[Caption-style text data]
Content starts

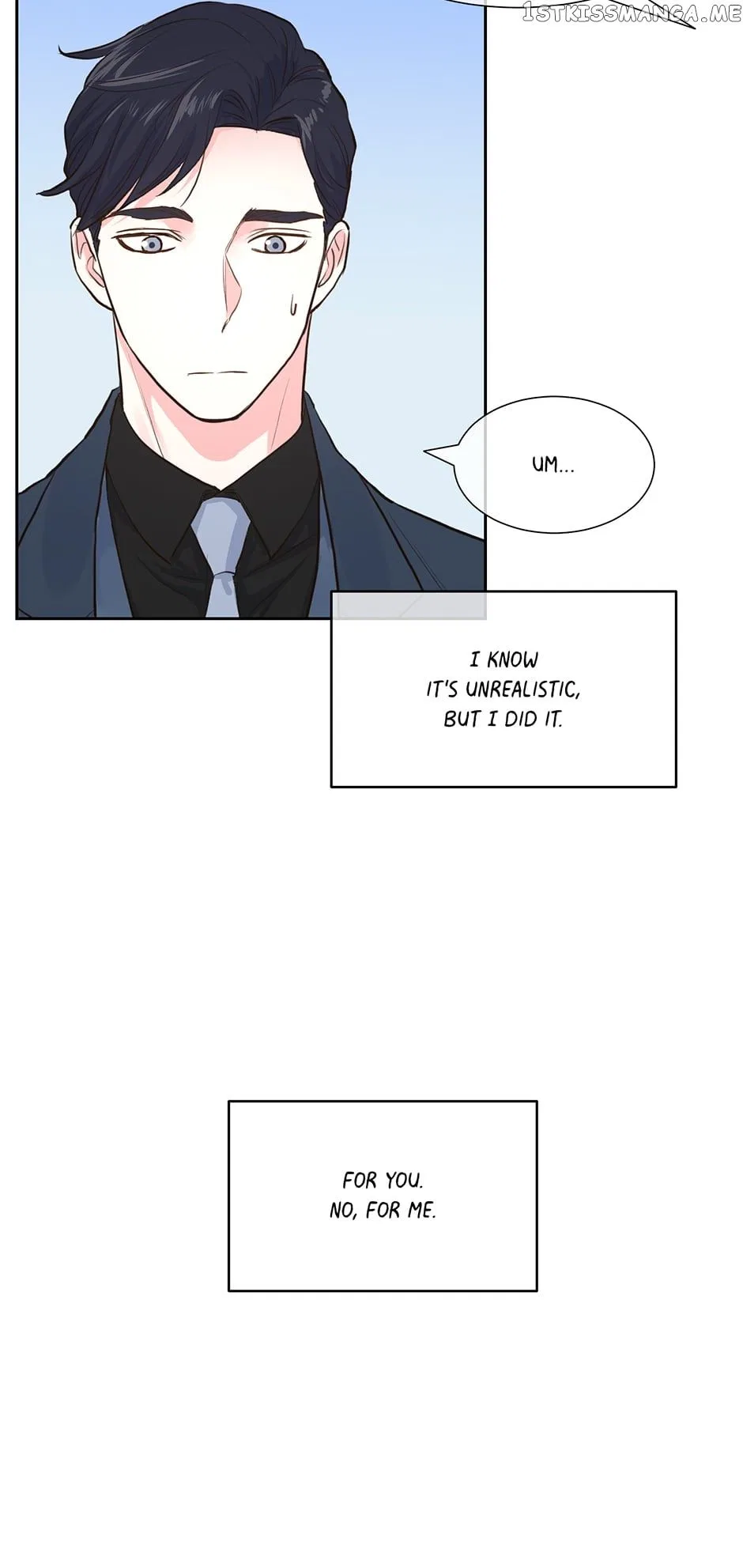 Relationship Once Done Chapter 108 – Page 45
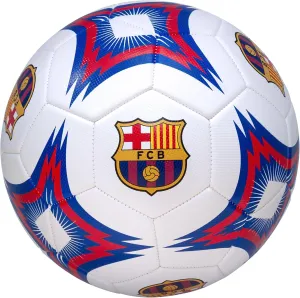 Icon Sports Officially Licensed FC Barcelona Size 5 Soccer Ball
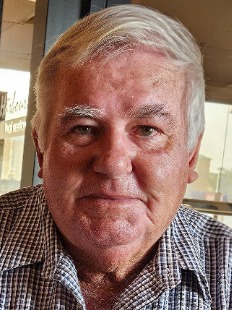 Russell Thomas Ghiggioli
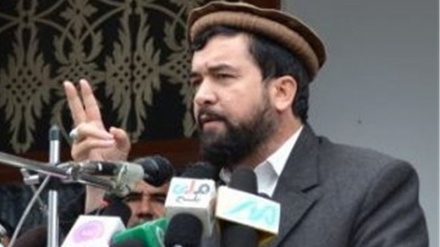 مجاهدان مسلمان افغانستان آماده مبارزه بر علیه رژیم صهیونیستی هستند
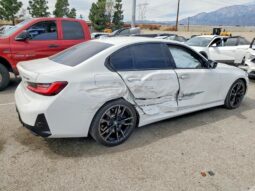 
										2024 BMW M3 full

Content ends

Your goal :: Give back the entries verbatim but drop every picture.

Answer area ::
 Relationship Once Done Chapter 108 – Page 45
 Icon Sports Officially Licensed FC Barcelona Size 5 Soccer Ball
 Russell Thomas Ghiggioli
 مجاهدان مسلمان افغانستان آماده مبارزه بر علیه رژیم صهیونیستی هستند
										2024 BMW M3 full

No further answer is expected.